Geekzone: technology news, blogs, forums
Guest
Welcome Guest.
You haven't logged in yet. If you don't have an account you can register now.


View this topic in a long page with up to 500 replies per page Create new topic
1 | 2 | 3
quickymart
13932 posts

Uber Geek

ID Verified

  #2646691 3-Feb-2021 22:36
Send private message

What if I live up a shared driveway and would love fibre, but either my neighbours are elderly or arrogant so-and-so's who either don't know how to or simply refuse to give consent? Yes, there are places like that - and I would be penalised through no fault of my own, but more my neighbour's inaction (or anger). How is that fair?




nztim
3814 posts

Uber Geek

ID Verified
Trusted
TEAMnetwork
Subscriber

  #2646696 3-Feb-2021 23:03
Send private message

Yes there are lots of people who would love fibre who can’t get it because their property is considered a non standard install or it’s blocked by a neighbour who wants it thrusted underground

Or two buildings on one legal dwelling and the free install is already taken place for the first building

4G FWA Is also NOT a replacement for all copper, it’s a replacement for those who have slow DSL connections under 20mbps




Any views expressed on these forums are my own and don't necessarily reflect those of my employer. 


richms
28172 posts

Uber Geek

Trusted
Lifetime subscriber

  #2646700 3-Feb-2021 23:29
Send private message

Then you pay the full cost to maintain the copper network? I'm sure that it will get sorted out to have these installs allowed to go ahead despite neighbor objection once they are caught up with the easy installations.

 

The non standard installs can pay for it, the 2 buildings ones should get a free installation if they had multiple copper installations because that is only fair, but if you want a nice pretty undergrounded installation then it should cost.

 

Copper is a dead end.

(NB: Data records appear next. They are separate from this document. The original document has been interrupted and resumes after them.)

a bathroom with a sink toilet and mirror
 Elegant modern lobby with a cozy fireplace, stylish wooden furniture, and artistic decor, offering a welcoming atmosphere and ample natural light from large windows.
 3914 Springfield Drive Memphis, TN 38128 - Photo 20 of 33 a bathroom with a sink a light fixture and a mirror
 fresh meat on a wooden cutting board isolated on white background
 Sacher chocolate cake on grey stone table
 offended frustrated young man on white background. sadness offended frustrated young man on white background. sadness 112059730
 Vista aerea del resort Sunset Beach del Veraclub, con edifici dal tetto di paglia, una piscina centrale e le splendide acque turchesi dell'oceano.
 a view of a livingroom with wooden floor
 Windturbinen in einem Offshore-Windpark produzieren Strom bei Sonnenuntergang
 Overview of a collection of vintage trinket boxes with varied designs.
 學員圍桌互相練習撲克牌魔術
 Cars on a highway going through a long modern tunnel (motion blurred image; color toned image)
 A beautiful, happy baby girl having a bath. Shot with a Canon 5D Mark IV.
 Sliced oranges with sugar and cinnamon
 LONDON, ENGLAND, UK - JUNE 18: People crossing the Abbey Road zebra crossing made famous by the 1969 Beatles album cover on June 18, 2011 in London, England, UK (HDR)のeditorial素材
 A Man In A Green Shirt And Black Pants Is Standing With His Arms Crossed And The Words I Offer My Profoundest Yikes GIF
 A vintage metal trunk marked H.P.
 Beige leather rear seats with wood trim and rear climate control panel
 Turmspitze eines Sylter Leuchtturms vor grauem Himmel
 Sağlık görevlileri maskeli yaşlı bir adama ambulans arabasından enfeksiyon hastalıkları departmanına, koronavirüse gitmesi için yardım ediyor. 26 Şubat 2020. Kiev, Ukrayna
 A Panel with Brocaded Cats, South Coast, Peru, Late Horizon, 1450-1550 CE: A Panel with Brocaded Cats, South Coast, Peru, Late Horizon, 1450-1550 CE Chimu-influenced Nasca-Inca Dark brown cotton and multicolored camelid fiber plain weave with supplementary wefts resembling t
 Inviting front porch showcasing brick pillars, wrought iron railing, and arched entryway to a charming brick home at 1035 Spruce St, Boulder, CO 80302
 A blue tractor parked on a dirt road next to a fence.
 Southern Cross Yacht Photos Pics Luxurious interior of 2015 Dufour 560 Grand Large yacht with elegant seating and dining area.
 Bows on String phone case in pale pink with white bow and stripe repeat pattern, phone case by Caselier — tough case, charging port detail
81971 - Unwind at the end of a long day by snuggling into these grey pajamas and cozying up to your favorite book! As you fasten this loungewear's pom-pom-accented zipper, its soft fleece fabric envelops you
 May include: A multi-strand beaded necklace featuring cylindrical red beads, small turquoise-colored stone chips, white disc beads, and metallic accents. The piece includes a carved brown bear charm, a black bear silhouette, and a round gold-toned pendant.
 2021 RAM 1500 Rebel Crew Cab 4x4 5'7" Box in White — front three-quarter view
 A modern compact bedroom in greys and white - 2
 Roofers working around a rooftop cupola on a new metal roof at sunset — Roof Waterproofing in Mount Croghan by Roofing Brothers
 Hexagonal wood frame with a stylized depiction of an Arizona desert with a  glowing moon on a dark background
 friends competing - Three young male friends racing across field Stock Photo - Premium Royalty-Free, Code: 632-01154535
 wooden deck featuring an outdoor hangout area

It should no longer be supported or maintained in places with fiber as an option. Customers reluctance to pay for installations is not the telcos problem. IMO the changes to rentals that say that landlords cannot object to fiber do not go far enough. It should be required, just as water and power and heating are required. If you want to rent your grannyflat out to someone, has to have fiber in it or no go. If you have a shared driveway and someone objects, then you either buy them off, or sell up the rental property to someone who will live in it and put up with no internet.





Richard rich.ms



nztim
3814 posts

Uber Geek

ID Verified
Trusted
TEAMnetwork
Subscriber

  #2646705 3-Feb-2021 23:48
Send private message

It will get sorted out and I see another round of law changes coming

Its just not going to be overnight like your original reply was calling for :)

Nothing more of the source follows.